At the start of the season, my kids were bursting with ideas
of fun, summery things to do. Outings to rivers and ponds, new hikes and bike
rides and old favorites, trips to the ocean, lots of ice cream. In June we jumped
from school straight into soccer camp, which overlapped with a week of adventures
with the California cousins. We spent July adjusting to these long days of
changed timing and responsibility, closing out the month with our annual
pilgrimage to Cape Cod, and returning home to wild days and late nights with
the Tennessee cousins.
Now, in August, we are in the full swing of summer, but we know
these days are numbered. Already, twilight arrives earlier each day, mornings
hold a coolness they didn’t two weeks ago, and there is a telling twinge of fallish
color creeping into the hillsides.
We’re cramming as much as we can into these last weeks
before school. Camping out in the back yard, with the Milky Way wandering
through the sky above our tents. Exploring new bike paths and swimming holes
with friends we won’t see much once school starts, and venturing out with
school friends we don’t see so often during summer. Wandering through the woods
near home with the dog. Impromptu Lego sessions on the living room floor. Trips
to the library. Soccer in the front yard. Maybe one more visit to the ocean, another
hike, a few more swims in the river before it gets too cold – or we are
distracted by other, non-summer, things. Before we shift from carefree summer
back to the routine of fall.
I’m expecting that shift to be brutal this year, in part
because my children, for the first time in their young lives, have taken to
sleeping in this summer. We have essentially abandoned any pretense of a regular
bedtime during these days when light hangs in the sky well past their
school-year tucking-in time. Most days there is no pitter patter of
not-so-little-anymore feet coming down the stairs until 7 o’clock. Some
mornings closer to 8. There is no rush to eat breakfast or get dressed or put
down the good book that kept someone up later than I know the night before.
I think we’re all in for the rudest of awakenings when their
alarm clocks chime at 6:42 a.m. one Monday morning coming soon, marking the
start of the first school day of the year and the end of summer. I keep
thinking I should ease the kids into that first early rise, start getting them
to bed earlier so that first day is not so harsh.

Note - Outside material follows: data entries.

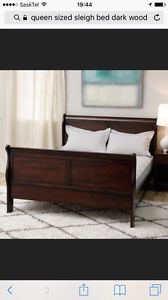 Wanted: Looking for:queen dark wood sleigh bed or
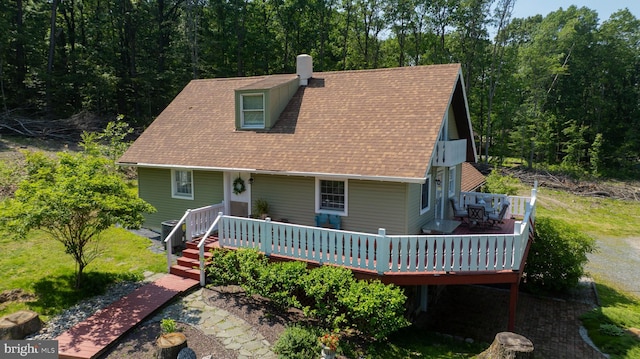 402 Swamp Rd, Morgantown, PA 19543 - view of front of property featuring a chimney, a shingled roof, a deck, and a wooded view
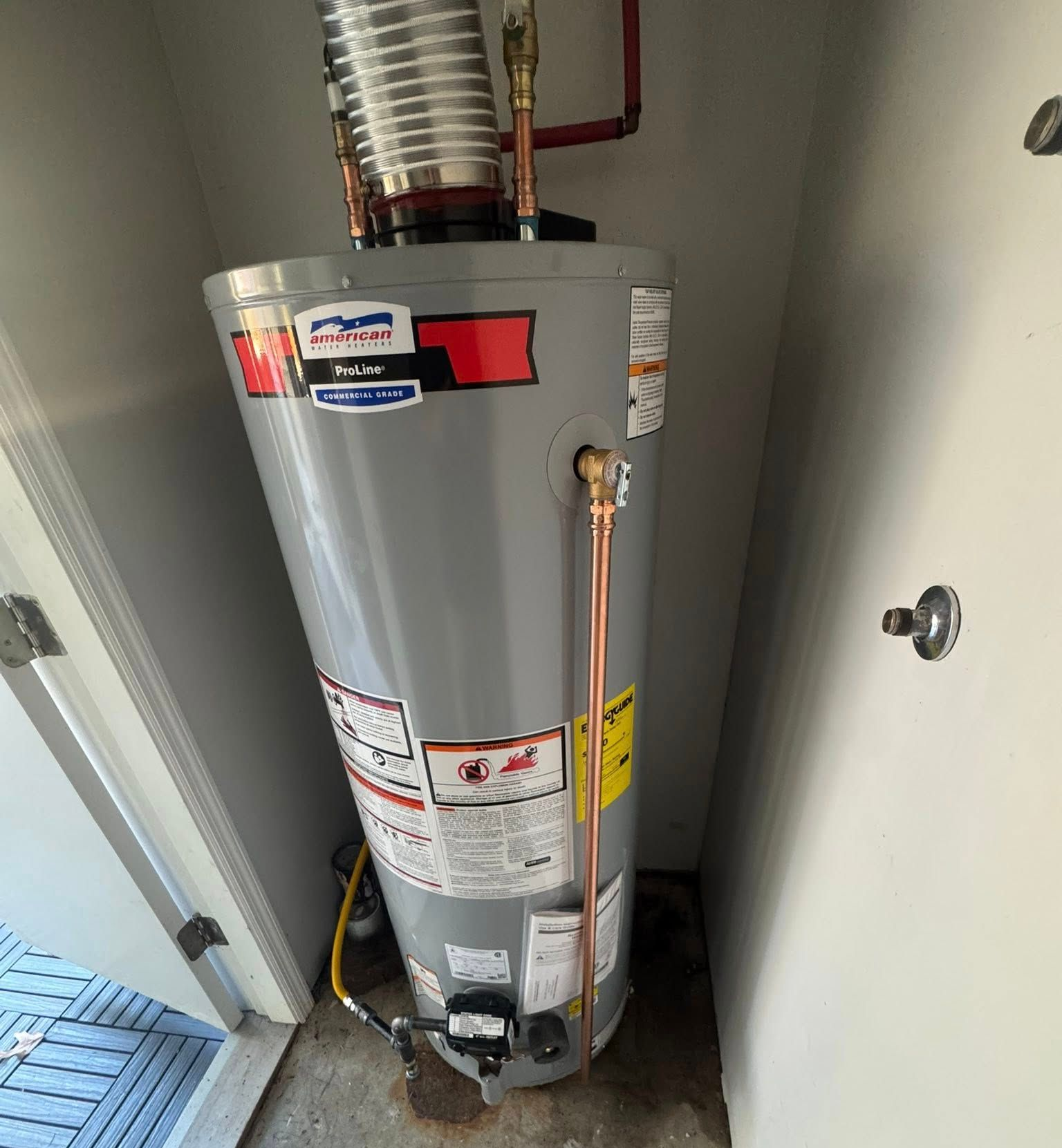 Gray water heater in a narrow utility closet with visible pipes and venting.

But these summer days of childhood are so sweet, so ephemeral.
September will be here soon enough, with all its structured activity and
responsibility and early mornings. Maybe it’s better to let the kids soak up
all the sunshiny freedom they can, linger in bed a few more mornings, hold on to
summer right to the last moment.
Original content by Meghan McCarthy McPhaul, posted to her Blog: Writings From a Full Life. This essay also appears as Meghan's Close to Home column in the August 14, 2015 edition of the Littleton Record.

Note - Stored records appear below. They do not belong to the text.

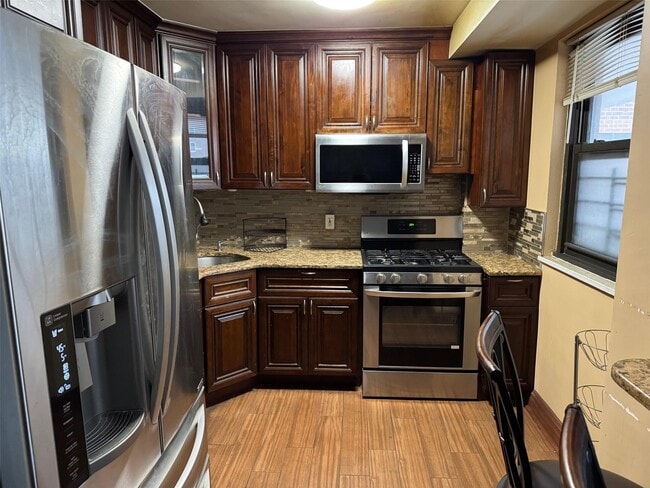 Photo - 61-55-61-98 98th St Condo Unit 14L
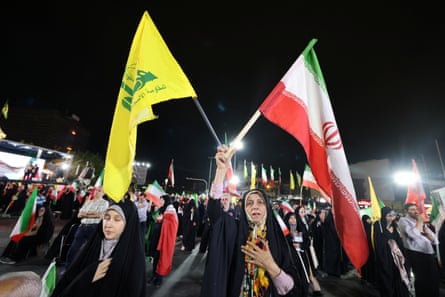 Women holding flags of Iran and Lebanon’s Hezbollah movement at the front of a crowd of pro-government demonstrators in Tehran.
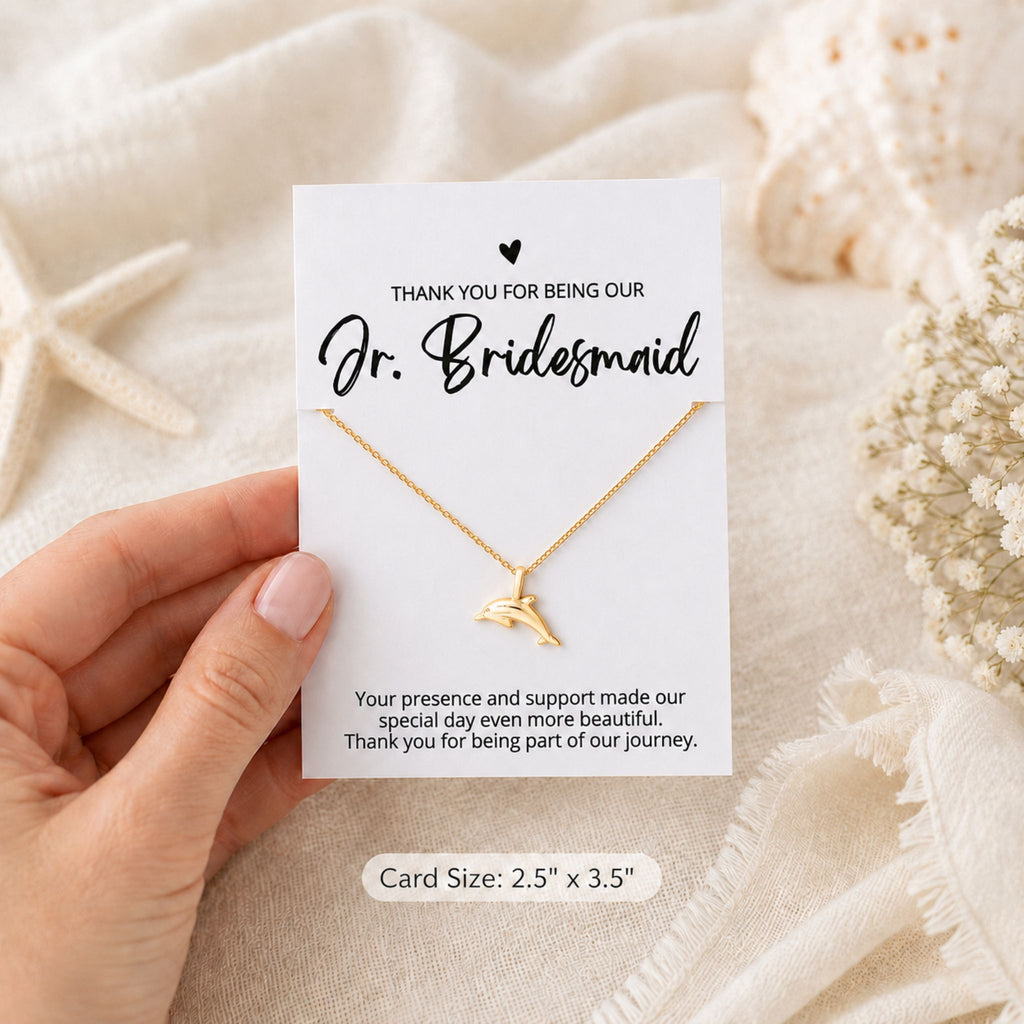 Jr. Bridesmaid beach wedding dolphin necklace gift shown in hand for size reference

Very nicely told and written, Meghan! Our five-year old grandson, from Brooklyn, was here last week, soaking up the joys of open space, trees, a park next door, and plentiful lakes to go swimming in - all things he doesn't have access to in NYC. He started kindergarten yesterday back in Brooklyn, and had to get up at 6:45 to go on a 95 degree day until 6 at night (after school so parents can pick up). I'm so glad he had the week in more natural surroundings with us. Hope you are very well! John Helland
ReplyDeleteThanks for the note, John! Wonder who had more fun... the grandson or the grandparents? We try to get a city fix every now and then, but I'm glad to wake up most mornings in the quiet of the mountains.